The light steel frame building (LSFB) industry is experiencing the same hardship as the building and construction industry. According to Statistics South Africa, the area of buildings completed during 2016, excluding additions and alterations, matched that of 2015, which means that no growth was recorded. Exports of LSFs declined by 40%, largely owing to the establishment of rolling capacity in neighbouring countries, says Southern African Light Steel Frame Building Association (Sasfa) director John Barnard.
Apart from the 19 000 t of thin-gauge high-strength galvanised steel sheet used by the LSF manufacturers, he notes that the LSFB industry did create demand in 2016 for certain other products, including 245 000 m2 of external cladding used for thermal insulation and protection against the elements; 410 000 m2 of bulk insulation, such as glass wool; 560 000 m2 of internal lining, such as gypsum board; and 245 000 m2 of vapour permeable membrane.
Barnard remains optimistic about the future of LSFB in South Africa, enthusing that “it is a concept whose time has come”.
He adds that LSFB has been developed over many years to address problems inherent in masonry construction. LSFBs are more energy efficient and structurally sound, reduce material waste and provide decent employment opportunities for artisans on building sites, as well as for factory personnel.

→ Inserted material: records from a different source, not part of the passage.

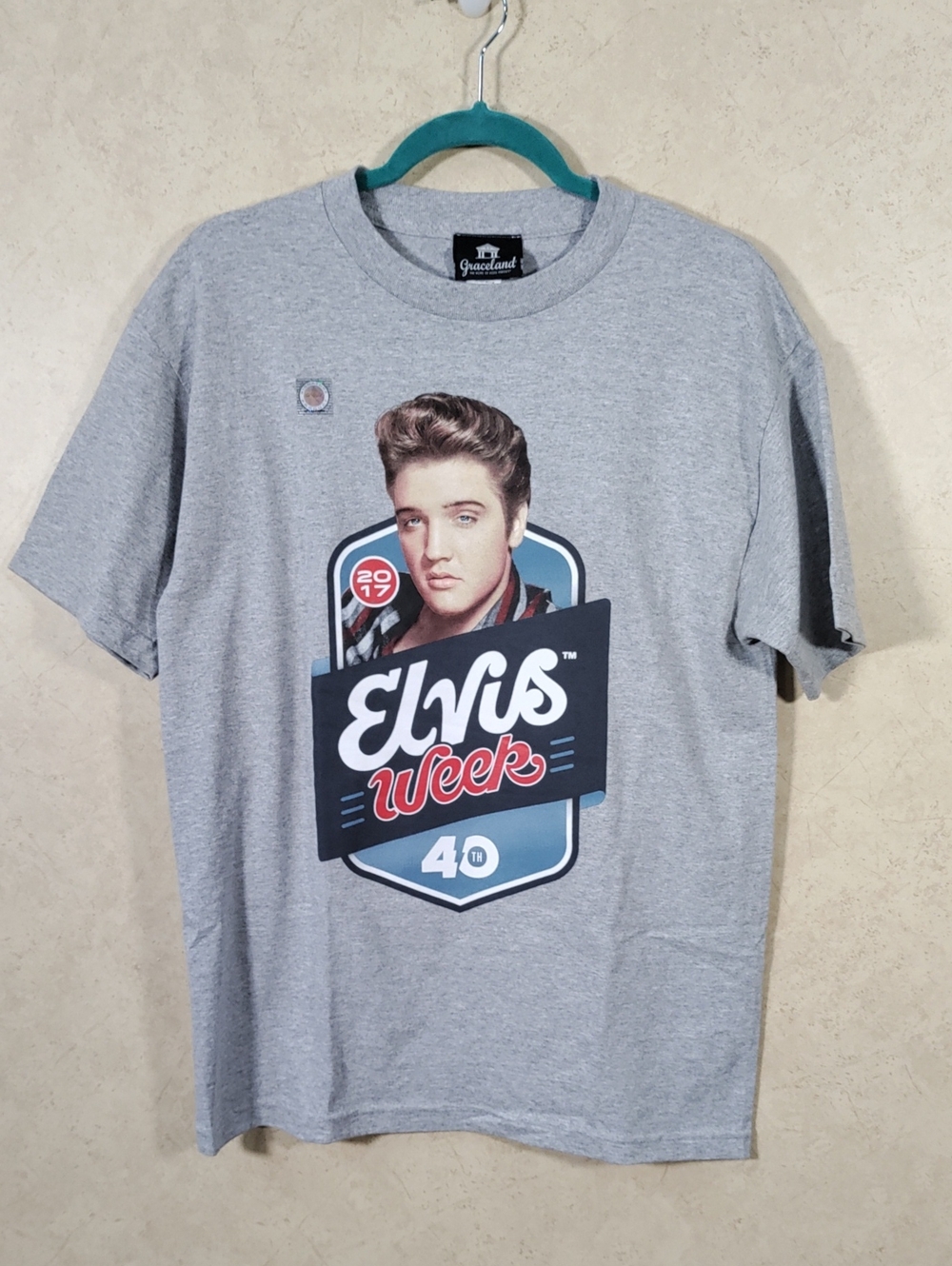J097 Graceland Gray 40th Elvis Week 2017 Graphic Tee M NEW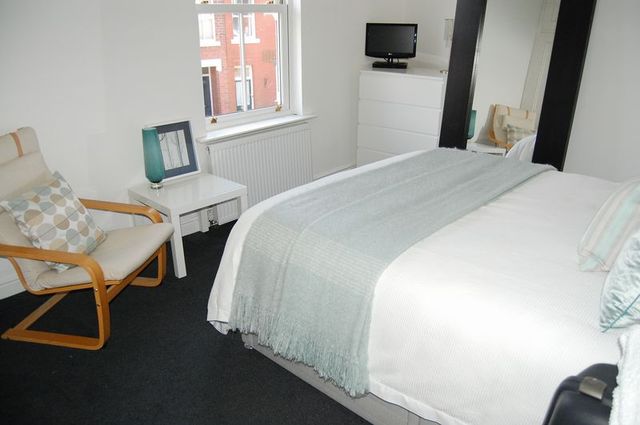  Image of 2 Bedroom Terraced to rent at Limes Road Tettenhall Wolverhampton, WV6 8RB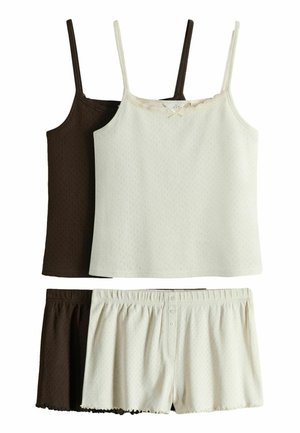 Twee sets mouwloze hemdjes en shorts met elastische taille, één in crème en één in donkerbruin, met subtiele gestippelde textuur en knoopdetails.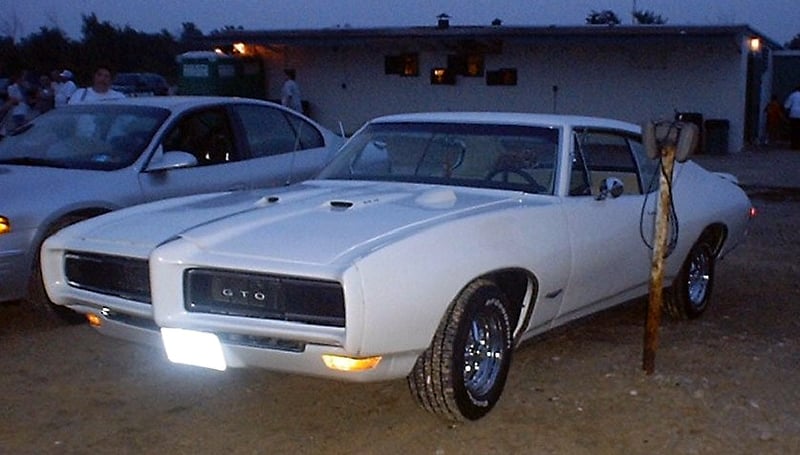 Kingman Drive-In, Delaware Ohio
GTOAA club meet event 7/7/2000
Sean's '68 GTO hardtop white at movies. Sean runs the popular
GTO website called UltimateGTO.com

Globally, telephones, personal computers and motor cars have been developed to eliminate outdated and wasteful practices, says Barnard.Moreover
, he believes that LSFB is part of the emergence of a new building and construction industry.
As with any new industry, there are a few hurdles. The main challenge is the relatively low level of awareness of LSFB among construction professionals, such as architects and engineers, as well as potential clients.
Another challenge is the shortage of skilled and competent builders able to execute LSFB construction. Although there are a growing number of stable and competent LSFB contractors in South Africa, inexperienced and untrained smaller contractors not registered with Sasfa are entering the market, which occasionally results in unsatisfactory projects and “this reflects poorly on the LSFB method”, Barnard explains.
As a means of mitigating the challenge, he notes that Sasfa offers training for building contractors. The training covers the basics of LSFB, after which trainees must gain practical experience on smaller projects before taking on complex building contracts.
Through its Accreditation Scheme, Sasfa is inviting builders to apply for an assessment on one of their current LSFB projects. A team of experts in different aspects of LSFB will do an on-site evaluation to determine whether the contractor is competent.
Barnard explains that, during the site inspection, Sasfa will look at the correct application of the requirements of the LSFB code (SANS 517) – from anchor bolts, accuracy of concrete work, installation of insulation, cladding and lining materials to services, most notably electricity and plumbing and the finishing of the building.
Sustainability in LSFB
Barnard states that LSFB offers a number of advantages to the developer, client, builder and designer. “The first aspect is speed of construction and, provided that proper planning has been done, LSFB offers significant savings during the construction period.”
Barnard uses the example of fast food outlets, which were built in three months using LSFB. Identical units using masonry construction methods would have taken between six and eight months.
The second advantage of LSFB is energy savings. Proper insulation to South African National Standards of LSFB, or SANS 517, of such a building will result in compliance with SANS 10400-XA and SANS 204, the requirements that cover heating and cooling energy cost savings over the lifetime of the building.
According to the Council for Scientific and Industrial Research, a single-storey LSF house requires less than half the electricity required to heat and cool a house using masonry construction methods. This is especially relevant in view of rapidly rising electricity costs, notes Barnard.
LSFB also creates opportunities to reduce the logistics costs of transport and handling, owing to its lightweight walls, which weigh 36 kg/m2, compared with the 450 kg/m2 of masonry walls.
Barnard explains that LSFB, as a pre-engineered building method, reduces waste to less than 2% of steel use, compared with up to 15% when using heavy, brittle building elements such as bricks. In addition, LSFB is a dry building process, which saves water on site.
Barnard concludes that he is optimistic about the future of LSFB in the steel industry, adding that by observing the growth and diversity of LSFB projects in South Africa, from the early modest two-bedroom holiday cottages to multistorey office and commercial buildings, this has become a tangible reality.